ECLI:NL:RBDHA:2020:14979

Rechtbank Den Haag

Datum uitspraak
13 november 2020
Publicatiedatum
13 augustus 2021
Zaaknummer
NL19.25860
Instantie
Rechtbank Den Haag
Type
Uitspraak
Rechtsgebied
Bestuursrecht; Vreemdelingenrecht
Procedures
  • Eerste aanleg - enkelvoudig
Vindplaatsen
  • Rechtspraak.nl
AI samenvatting door LexboostAutomatisch gegenereerd

Asielaanvraag en interstatelijk vertrouwensbeginsel in het kader van Dublinverordening

In deze zaak heeft de Rechtbank Den Haag, zittingsplaats Utrecht, op 13 november 2020 uitspraak gedaan in de asielprocedure van een alleenstaande moeder en haar minderjarige kinderen. De eisers, vertegenwoordigd door mr. A.C.J. Letmaath, hebben beroep ingesteld tegen de besluiten van de Staatssecretaris van Justitie en Veiligheid, die hun asielaanvragen niet in behandeling heeft genomen op grond van de Dublinverordening. De rechtbank heeft vastgesteld dat Italië verantwoordelijk is voor de behandeling van de asielaanvragen, aangezien eisers daar eerder een aanvraag hebben ingediend.
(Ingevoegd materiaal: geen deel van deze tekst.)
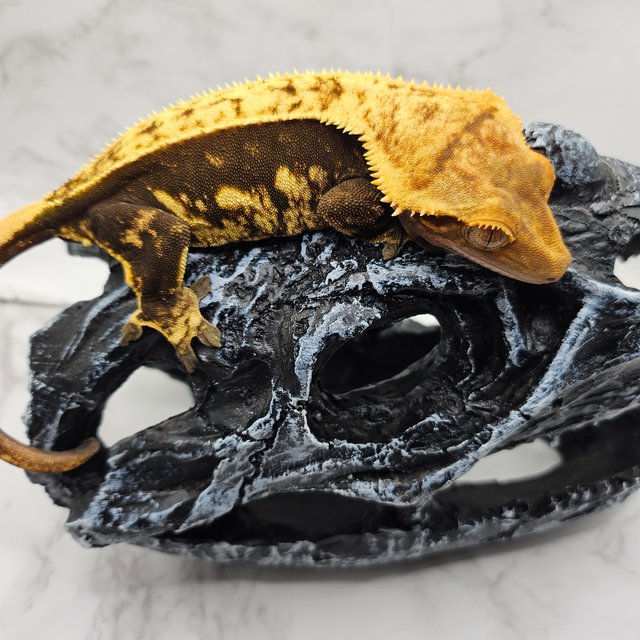 쿼드 다크 노멀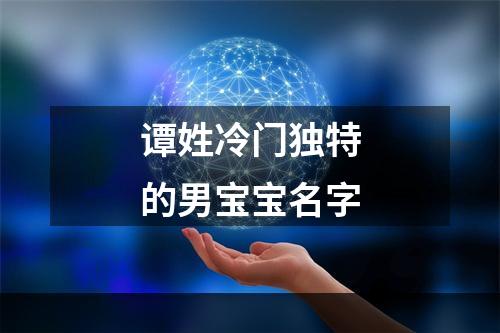 谭姓冷门独特的男宝宝名字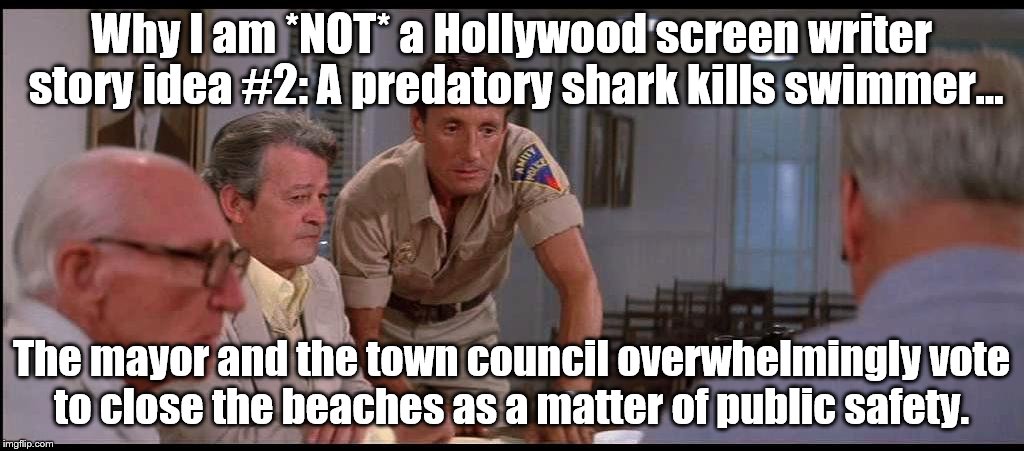 Why I'm not a Hollywood screen writer #2 | Why I am *NOT* a Hollywood screen writer story idea #2: A predatory shark kills swimmer... The mayor and the town council overwhelmingly vote to close the beaches as a matter of public safety. | image tagged in jaws | made w/ Imgflip meme maker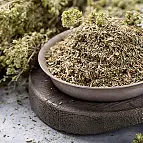 Oregano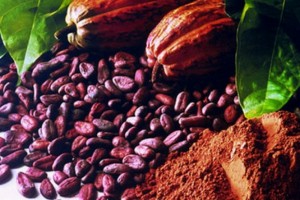 Ghana-Côte d'Ivoire: Akufo-Addo annonce une politique commune pour la vente du cacao sur le marché international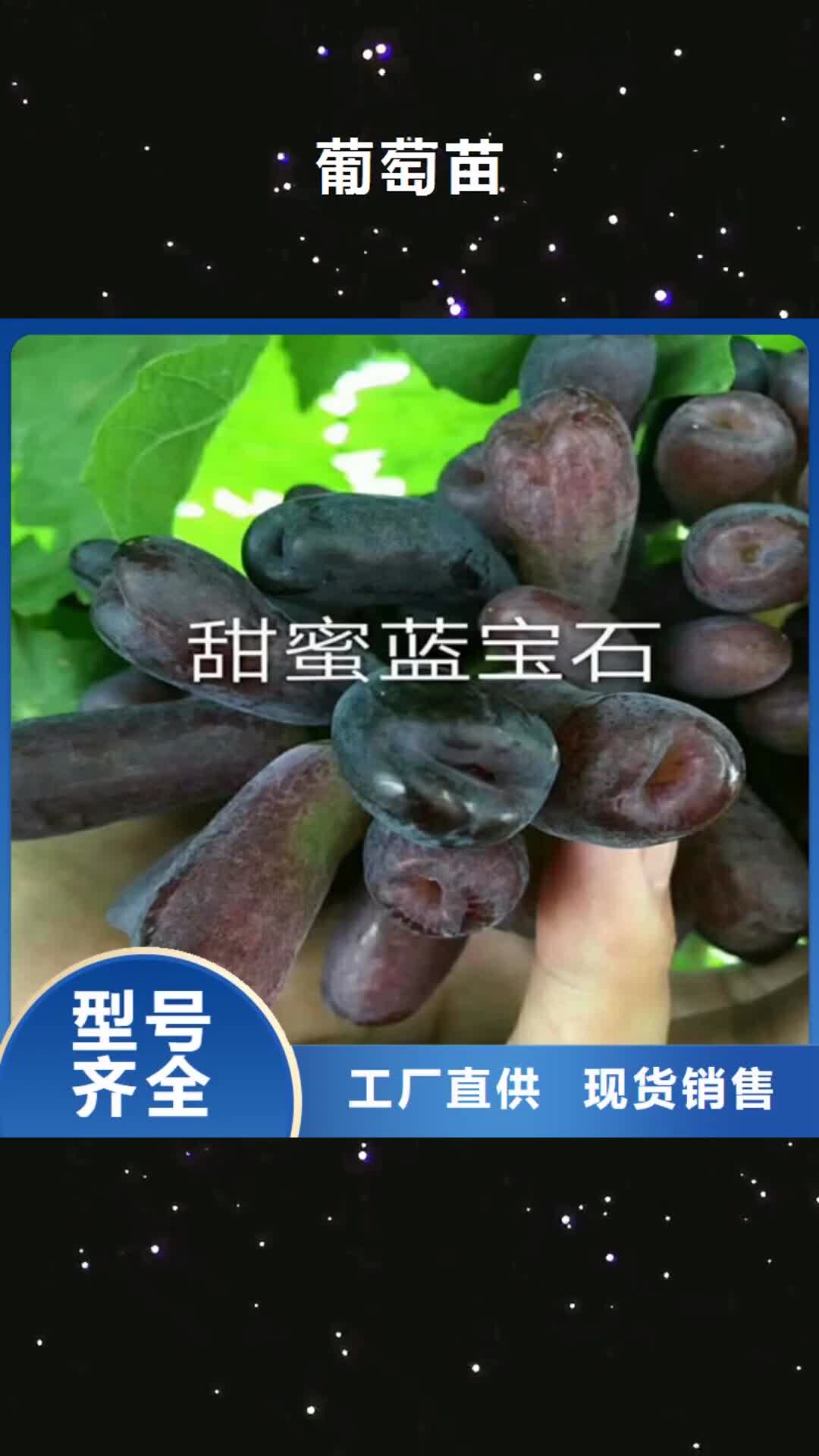 【黄南 葡萄苗 樱桃苗货源充足】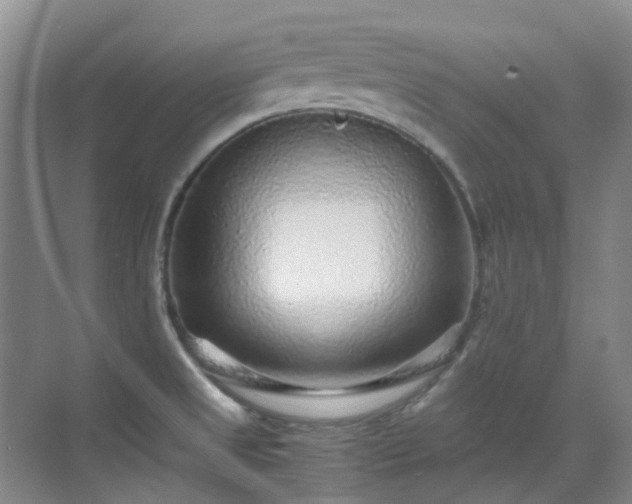 X0000070411525200606121316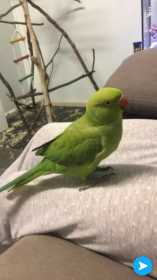Lost Indian Ringneck Parakeet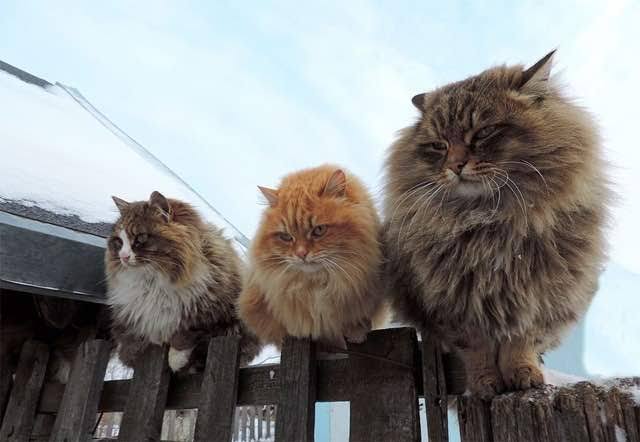 猫の可愛さを真剣に語りたい
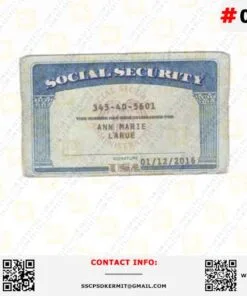 Wisconsin Social Security Card Template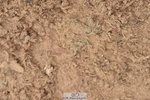 231011A-132726-00573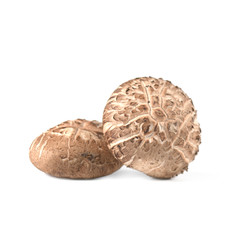 Shitake Mushroom isolate on white background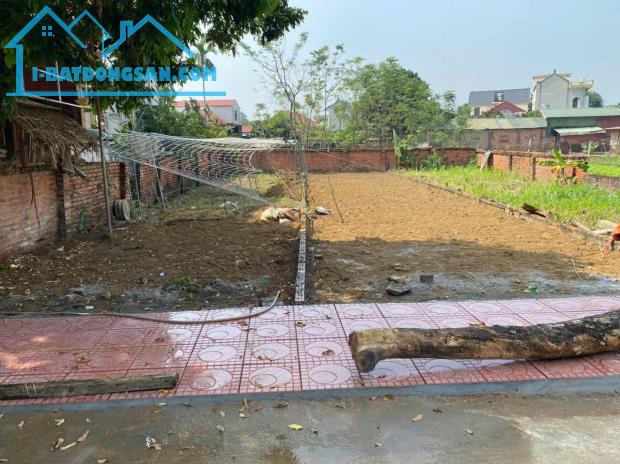 Chỉ 300m Tới Nhà Máy In Tiền – Đất 135m², Thổ Cư 100m², Đường Rộng, Tiện Ích Đủ Đầy - 1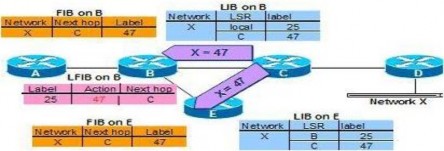 Hình 2 20 Quá trình tạo bảng LFIB Như vậy ta đã có được đường đi từ biên 7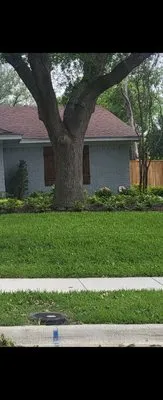 CGF LANDSCAPING SERVICES Logo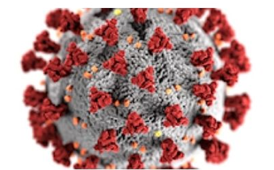 How has Wayside responded to COVID-19?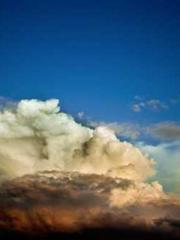 One Night Marriage P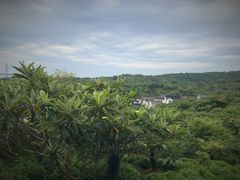 -西山樟坞健康果园枇杷杨梅采摘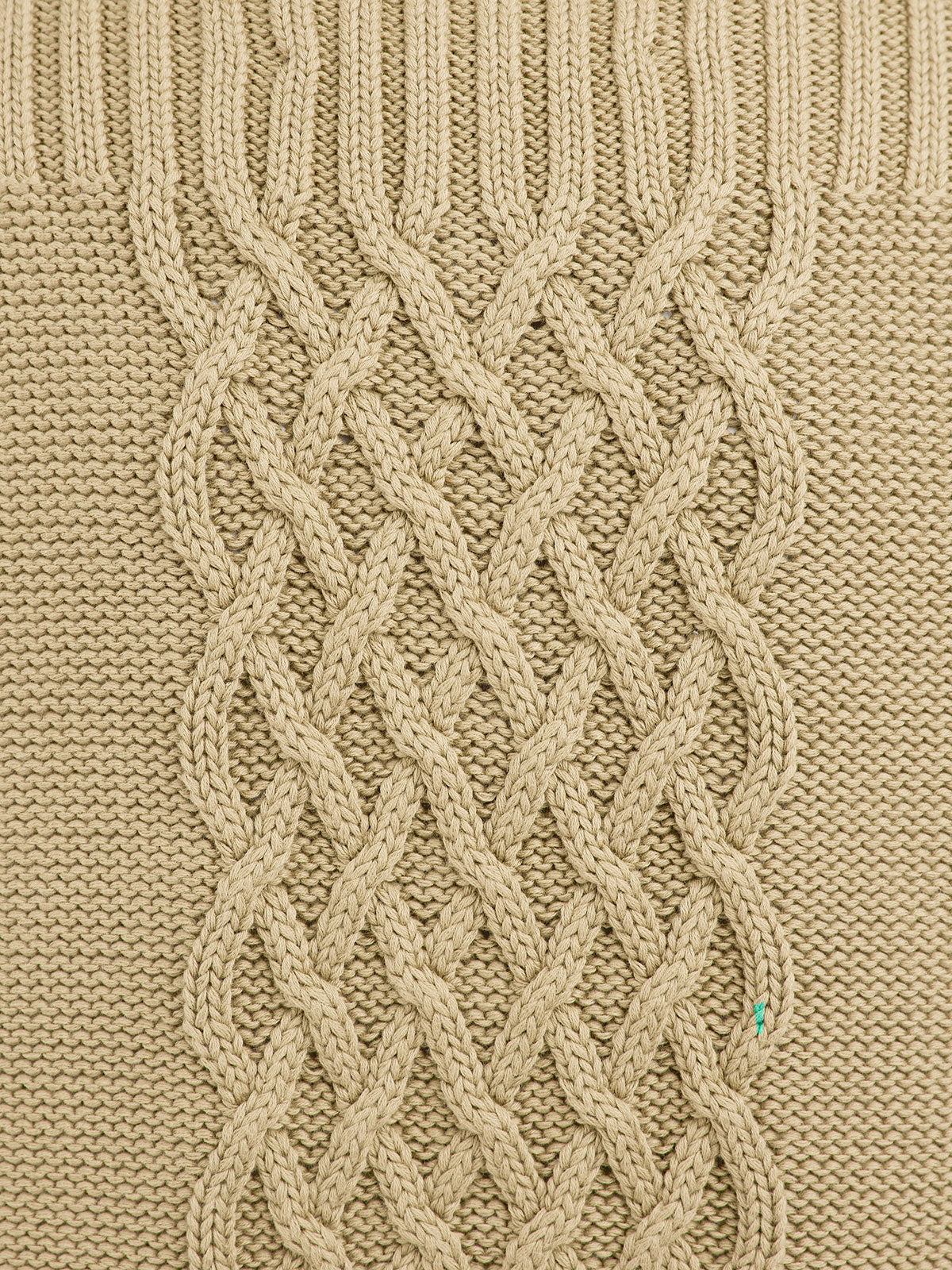 Soybean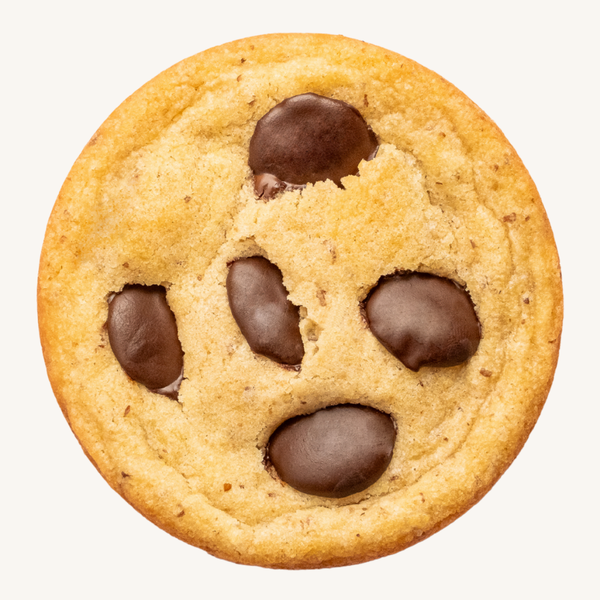 Chocolate Chip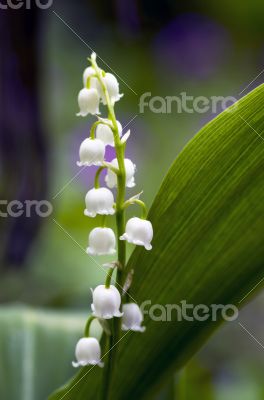 Close up of Lily of the valley 
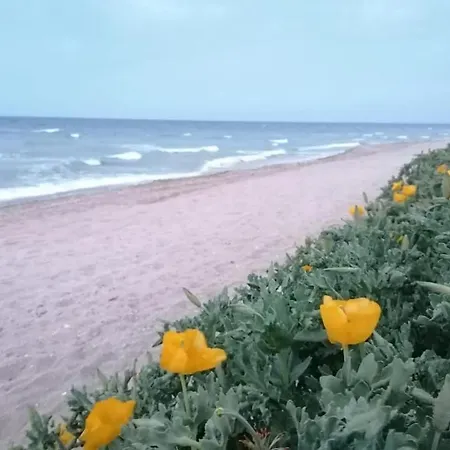 Pensiune La Doi Pasi De Mare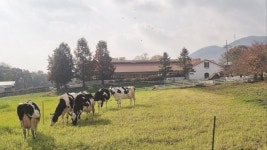 농도원 목장, 제1회 깨끗한 축산농장 우수사례서 최우수상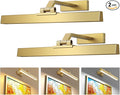 Afyuol Picture Lights for Wall, Brushed Gold Battery Operated Picture Light by Afyuol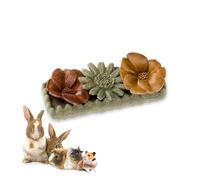 Ferplast Snack Naturale per Roditori, Criceti, Cavie e Conigli, Favorisce l’Igiene Dentale, Stimola il Gioco e offre Gusto e Benessere ogni giorno, a forma di Fiore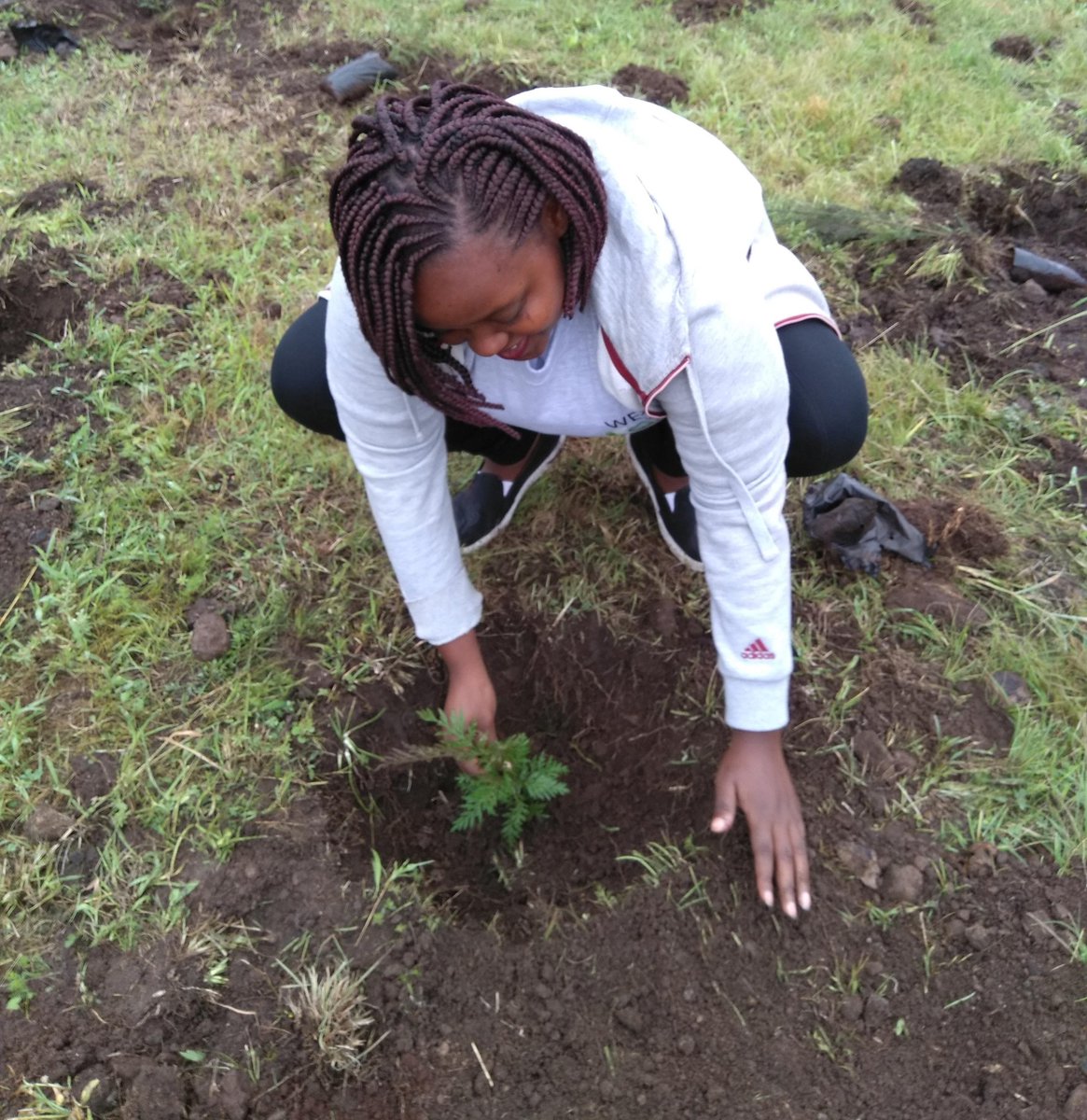 MuMuthonithuku1's tweet photo. Planting a tree is the first serious step towards ecosystem restoration. #WorldEnvironmentDay #EcosystemRestoration #WorldEnvironmentDay2021 #ClimateAction https://t.co/l6Y0joqgt1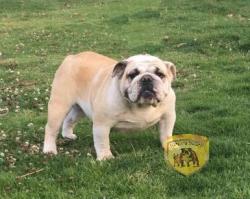 Ejemplares DE EXPOSICION DEL CRIADERO NUTIBARA BULLDOGS


            


            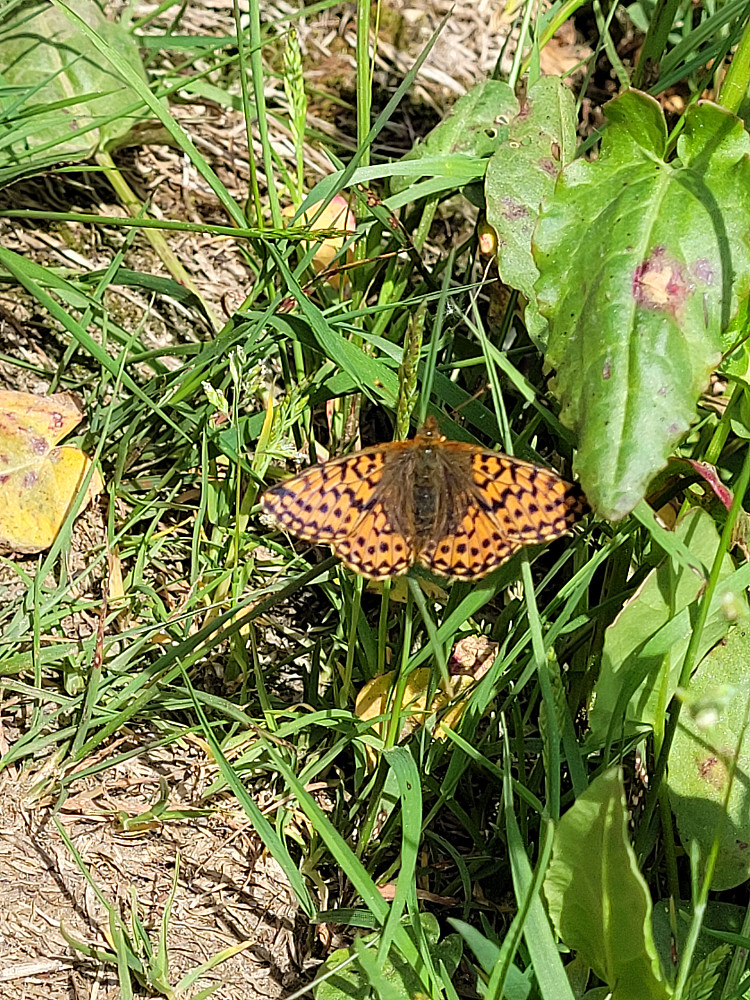 En sommerfugl vi traff på veien. I følge insektsboken min, så må det være en Aglajasommerfugl, men er langt fra sikker...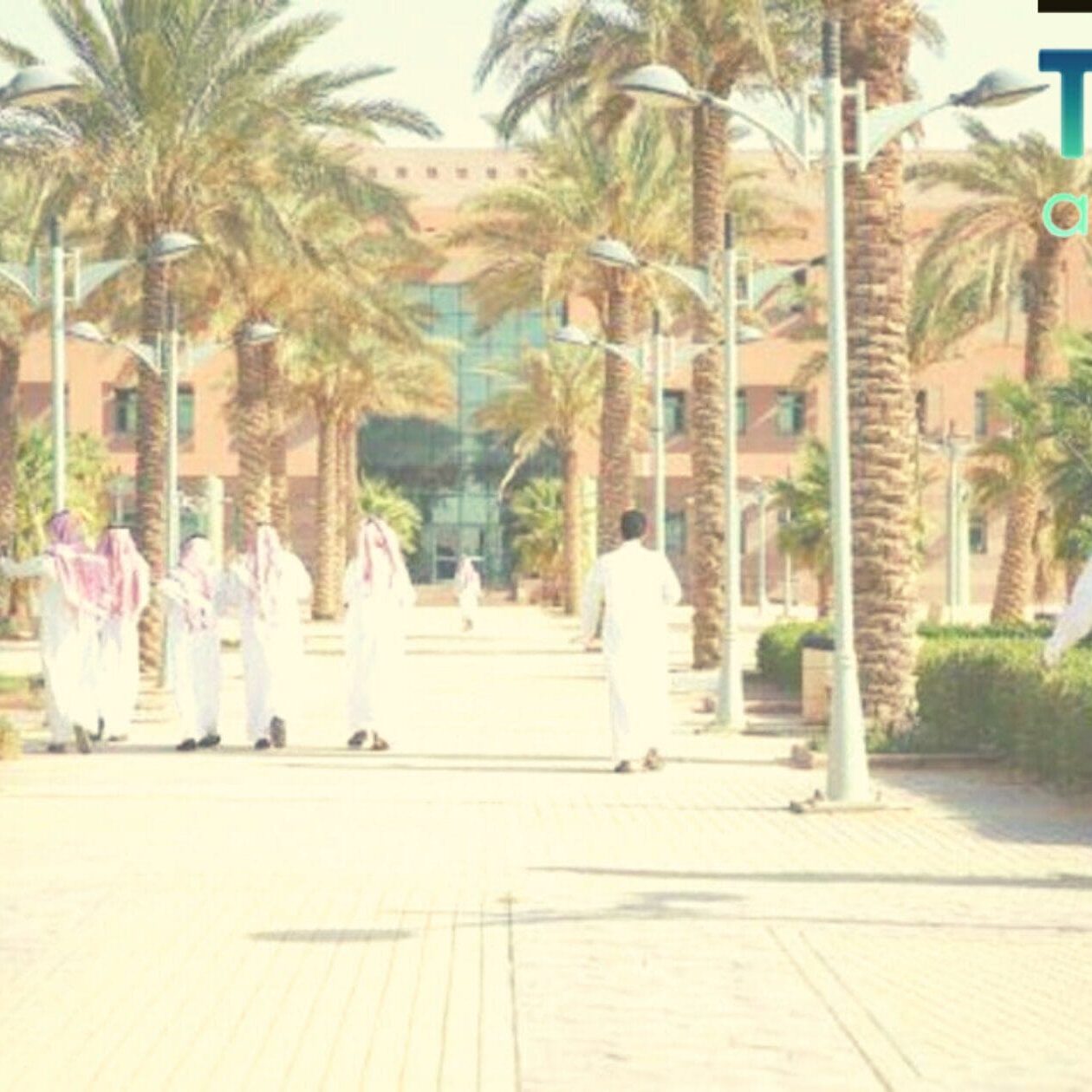 كيفية تسجيل دخول طلاب في الجامعات السعودية كيفية تسجيل دخول طلاب في الجامعات السعودية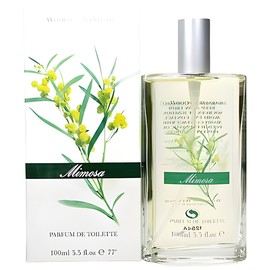 Mimosa Woods of Windsor perfume - a fragrance for women 1997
Eisers hebben verzocht om een voorlopige voorziening om te voorkomen dat zij aan Italië worden overgedragen totdat op hun beroepen is beslist. De voorzieningenrechter heeft dit verzoek eerder toegewezen, maar de rechtbank heeft in deze uitspraak geoordeeld dat de omstandigheden van eisers niet zodanig zijn dat er een reëel risico bestaat op een behandeling die in strijd is met artikel 3 van het EVRM. De rechtbank heeft daarbij verwezen naar uitspraken van de Afdeling bestuursrechtspraak van de Raad van State, die hebben geoordeeld dat Italië zijn verdragsverplichtingen nakomt en dat er geen structurele tekortkomingen zijn in de opvang van asielzoekers.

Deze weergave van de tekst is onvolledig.